Lilia is taking another look at weblog conversations (and I am too). Her posts so far:
- Weblog conversations revisited: an introduction
- Weblog conversations revisited: is there more than one?
A weblog conversation is a set of linked posts. The most natural counterparts are threads in email or newsgroups. From the beginning (e.g. weblog conversations; time based view), we defined that a weblog conversation does not include self-links.
Despite this definition, Lilia wants to study the relation between conversations and personal blogging practices, with a particular emphasis on self-linking. The combination of conversations (linked posts) and self-linking (which will result in linking conversations to each other) generates an amorphous and incomprehensable blurb when visualised. After some experimentation (fortune has it I'm not a mathematician "if it is linked, we called it a graph"), and following the general principle to keep it simple, the relation between conversations and self-linking is perhaps best studied by visualising the following:
- Black: a conversation. All details about the conversation are hidden (in an interactive environment zooming in is always possible).
- Yellow: a boundary link. A self-link into a conversation. That is, there is a personal link inside the conversation already, but no one else links to a boundary link.
- Pink: a secondary link. A self-link to a boundary link or another secondary link.
The boundary links are very close to the conversations (one self-link apart), the secondary links are further away (at least two self-links from a conversation). Surprising as it may seem, secondary links are very seldom in the data I looked at (might be interesting for social scientists to try to explain that!).
Four examples. (1) The small one at the top right only contains black squares: the person is involved in conversations but does not self-link to any of his/her posts inside the conversation. (2) The example above shows a more mature example of involvement in conversations and following them up. The fascinating thing is that not only there are self-links to conversations, but that some conversations get connected by these self-links, which suggest that according to this blogger the conversations may be related.

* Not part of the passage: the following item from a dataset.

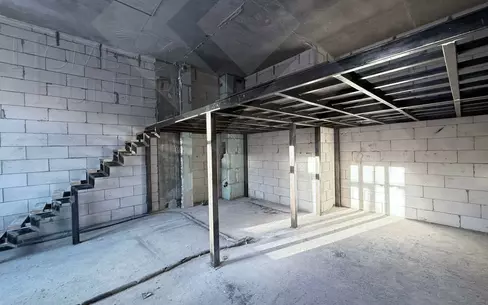 2-УРОВНЕВЫЕ АПАРТАМЕНТЫ БЕЗ ОТДЕЛКИ 68.4 М² НА 1 ЭТАЖЕ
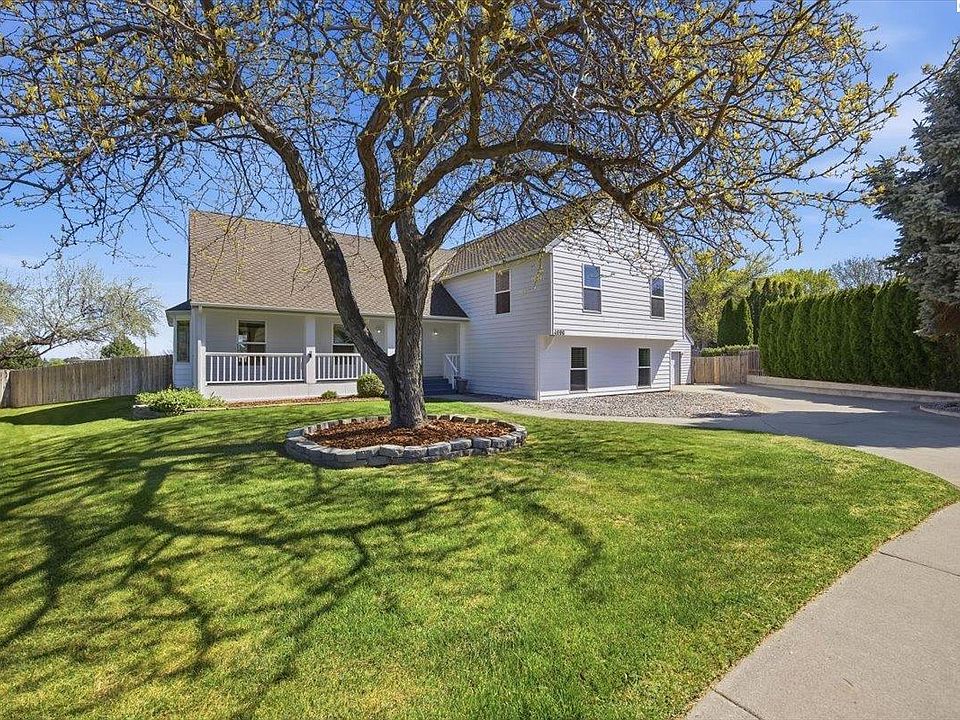 1st image of 4806 W 18th Ave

These two examples are typical in the data used. The last two examples below show bloggers who engage into conversations as well as adding to them personally on a large scale. And, finally we see some pink posts too! The last picture gives an idea how really seldom these pink posts are.
In A model (framework) for weblog research it was suggested that one should look at five dimensions to study weblogs. This post shows that one can obtain a fascinating peek into the blogosphere by looking at just two dimensions (links, persons). Perhaps it is an idea to also add time so that we can see whether the yellow and pink posts occur before (this is possible), during or after the conversation.